_WORK INSTRUCTION_
Which lines in the data below contain the word "Rent"? Pull each of them out.

_SOURCE MATERIAL_
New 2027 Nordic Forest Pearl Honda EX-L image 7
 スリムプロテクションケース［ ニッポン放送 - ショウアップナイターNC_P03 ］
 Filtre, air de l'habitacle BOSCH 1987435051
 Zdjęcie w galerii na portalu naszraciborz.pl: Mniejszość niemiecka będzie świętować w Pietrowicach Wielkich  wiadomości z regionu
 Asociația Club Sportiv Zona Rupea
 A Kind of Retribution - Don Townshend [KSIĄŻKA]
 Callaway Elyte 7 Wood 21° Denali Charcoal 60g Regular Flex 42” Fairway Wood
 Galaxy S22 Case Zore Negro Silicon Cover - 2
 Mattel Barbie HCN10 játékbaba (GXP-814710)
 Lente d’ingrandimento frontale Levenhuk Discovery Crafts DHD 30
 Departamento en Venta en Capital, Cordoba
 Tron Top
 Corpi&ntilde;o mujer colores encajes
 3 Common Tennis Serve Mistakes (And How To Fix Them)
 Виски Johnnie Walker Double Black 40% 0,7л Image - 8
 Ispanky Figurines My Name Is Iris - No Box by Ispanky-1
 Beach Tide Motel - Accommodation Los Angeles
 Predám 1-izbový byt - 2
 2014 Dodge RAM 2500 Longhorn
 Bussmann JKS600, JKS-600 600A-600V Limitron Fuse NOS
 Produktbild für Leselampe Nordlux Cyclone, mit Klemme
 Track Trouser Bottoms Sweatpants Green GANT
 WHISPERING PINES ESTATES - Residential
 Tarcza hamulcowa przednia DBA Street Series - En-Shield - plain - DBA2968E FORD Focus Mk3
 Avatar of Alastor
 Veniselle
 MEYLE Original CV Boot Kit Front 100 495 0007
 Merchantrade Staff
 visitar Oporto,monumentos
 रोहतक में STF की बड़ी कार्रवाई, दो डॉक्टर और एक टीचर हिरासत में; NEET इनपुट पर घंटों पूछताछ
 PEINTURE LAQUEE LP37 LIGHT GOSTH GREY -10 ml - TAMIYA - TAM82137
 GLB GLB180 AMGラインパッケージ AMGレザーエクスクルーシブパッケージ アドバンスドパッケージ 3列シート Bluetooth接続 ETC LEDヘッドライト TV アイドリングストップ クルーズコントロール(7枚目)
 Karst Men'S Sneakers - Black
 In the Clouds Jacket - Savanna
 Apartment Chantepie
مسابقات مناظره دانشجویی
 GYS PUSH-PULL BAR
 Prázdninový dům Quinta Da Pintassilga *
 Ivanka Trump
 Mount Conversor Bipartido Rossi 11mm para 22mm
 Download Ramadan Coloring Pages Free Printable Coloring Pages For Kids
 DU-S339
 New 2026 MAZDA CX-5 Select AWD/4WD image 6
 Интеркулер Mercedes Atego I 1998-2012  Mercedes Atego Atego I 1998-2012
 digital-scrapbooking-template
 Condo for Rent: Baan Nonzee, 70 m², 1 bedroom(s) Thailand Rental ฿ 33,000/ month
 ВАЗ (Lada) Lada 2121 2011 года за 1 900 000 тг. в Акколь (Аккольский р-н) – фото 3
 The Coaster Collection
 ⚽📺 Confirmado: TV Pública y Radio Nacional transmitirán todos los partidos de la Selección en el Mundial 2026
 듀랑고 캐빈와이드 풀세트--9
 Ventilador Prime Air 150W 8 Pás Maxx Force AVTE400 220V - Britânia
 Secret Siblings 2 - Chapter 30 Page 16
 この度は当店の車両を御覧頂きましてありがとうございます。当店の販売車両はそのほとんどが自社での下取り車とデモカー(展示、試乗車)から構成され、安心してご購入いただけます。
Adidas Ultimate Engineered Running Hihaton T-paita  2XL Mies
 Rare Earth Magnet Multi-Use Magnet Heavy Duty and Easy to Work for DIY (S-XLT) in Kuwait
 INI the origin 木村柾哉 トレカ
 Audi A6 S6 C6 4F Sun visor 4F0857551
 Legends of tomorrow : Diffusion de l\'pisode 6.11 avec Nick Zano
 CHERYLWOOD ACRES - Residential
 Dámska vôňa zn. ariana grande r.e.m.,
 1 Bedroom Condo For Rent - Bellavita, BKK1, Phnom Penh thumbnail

_TASK ANSWER_
 Condo for Rent: Baan Nonzee, 70 m², 1 bedroom(s) Thailand Rental ฿ 33,000/ month
 1 Bedroom Condo For Rent - Bellavita, BKK1, Phnom Penh thumbnail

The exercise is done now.